A number of other multiferroic MOFs realized by replacing the dimethylammonium cation with hydroxyl ammonium and ammonium cations have also been reported.^83,84 However, replacement of the dimethylammonium cation with guandidinium, C(NH₂)₃⁺, in the copper formate analogue leads to an ordered polar structure at room temperature due to Jahn-Teller distortions. In this Cu-MOF, Jahn-Teller and antiferro-distortions cooperate to induce a switchable ferroelectric polarisation by coupling to the A-site atoms through hydrogen bonding.
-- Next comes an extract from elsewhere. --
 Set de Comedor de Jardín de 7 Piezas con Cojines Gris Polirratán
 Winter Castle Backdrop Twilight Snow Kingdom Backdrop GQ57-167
Most importantly, A. Stroppa et al.⁸⁵ show that a weak ferromagnetic component is coupled to the spontaneous polarisation, and they are mutually reversible.

Several molecular coordination materials are also candidate materials for magnetoelectric hybrid materials. Ferroelectric and magnetic phase transitions take place at almost the same temperature (~360 K) in triethylmethylammonium tetrabromoferrate(3+), resulting in strong magnetodielectric coupling.⁸⁶ CuCl₄(C₆H₅CH₂CH₂NH₃)₂, a molecular framework material with perovskite topology, shows spontaneous ferroelectric ordering below 340 K, which coexists with ferromagnetic ordering below 13 K.⁸⁷ In this material, the electric polarisation results from the spatial ordering of hydrogen bonds that link the organic cations to the inorganic copper chloride block. Buckling of the corner-linked copper chloride octahedra drives hydrogen bond ordering. Because the magnetic exchange pathways are also determined by this octahedral buckling, a potentially large magnetoelectric coupling could be possible in this material. These molecular materials could easily rival prototypical oxide magnetoelectric materials and require further study.
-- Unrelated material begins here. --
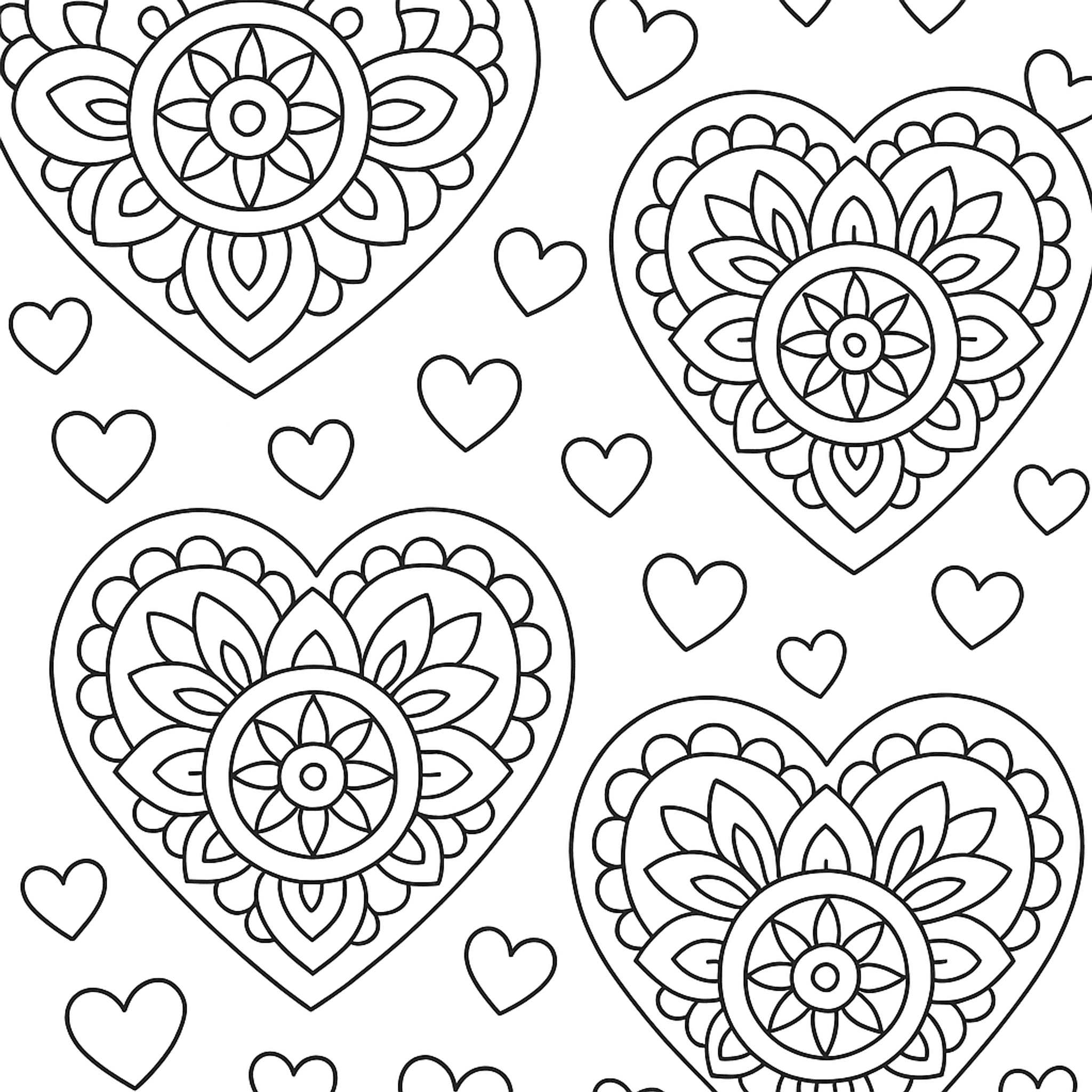 Mandala Hearts Kleurplaat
Although, neutron scattering has often been applied to understand the magnetism of MOF materials, SANS has rarely been applied.⁸⁸ Given the rich variety of modifications possible in this class of MOFs, for example, by alteration of organic ligand, template, strain and recent success in making thin films, new avenues are available to explore in the exciting field of multiferroic MOFs. Neutron scattering shall prove invaluable, as they have in oxides, in deciphering complex mechanisms in these complex hybrid materials.

Summary and future directions

Studies of multiferroic phenomena have been driven by novel materials. For potential device applications, there is a continued push to develop materials with magnetic transitions above room temperature. Presently, type II multiferroics with strong coupling between ferroelectric and magnetic order parameters appear very promising. Theory has been playing an increasing role in predicting new materials⁸⁹ with strong coupling between ferroelectric and magnetic order parameters. Neutron scattering will continue to play a critical role in determining the magnetic structures of these materials and the strength of their exchange interactions, and how they couple to the electric polarisation. Furthermore, as more materials are studied in thin films and composites, neutron scattering will play an increasing role in determining the magnetic structure of these materials. In some devices where ferromagnetic layers are coupled to underlying multiferroic layers, neutron reflectivity measurements will be critical in determining the nature of the magnetic interactions between the multiferroic and ferromagnetic layers or composites of ferroelectric and ferromagnetic layers that exhibit multiferroic behaviour.